Da ultimo, il difensore non può esimersi dal rispettare le “Regole deontologiche relative ai trattamenti di dati personali effettuati per svolgere investigazioni difensive o per fare valere o difendere un diritto in sede giudiziaria”, adottate (rectius, riconfermate) dal Garante per la protezione dei dati personali con provvedimento del 19 dicembre 2018, contenenti la disciplina da seguire in relazione al trattamento di dati personali per svolgere investigazioni difensive o per far valere o difendere un diritto in sede giudiziaria, sia nel corso di un procedimento (anche in sede amministrativa, di arbitrato o di conciliazione) sia nella fase propedeutica all’instaurazione di un eventuale giudizio, sia nella fase successiva alla sua definizione, da parte di avvocati, praticanti avvocati, ed altri soggetti che svolgano attività di investigazione privata.
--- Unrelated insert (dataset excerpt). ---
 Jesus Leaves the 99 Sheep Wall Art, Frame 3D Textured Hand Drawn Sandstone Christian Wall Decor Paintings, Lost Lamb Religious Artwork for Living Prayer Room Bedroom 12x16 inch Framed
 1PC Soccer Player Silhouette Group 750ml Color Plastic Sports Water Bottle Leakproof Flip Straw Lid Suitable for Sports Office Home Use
In altri termini, affinché le attività di OSINT siano conformi alla normativa posta a protezione dei dati personali, il difensore è tenuto a verificare la legittimità e la qualità della fonte, minimizzare i dati raccolti e cancellare i dati non necessari (principio di proporzionalità e sussidiarietà), evitare la comunicazione dei dati a terzi, proteggerli e garantire l’esercizio dei diritti ai titolari degli stessi.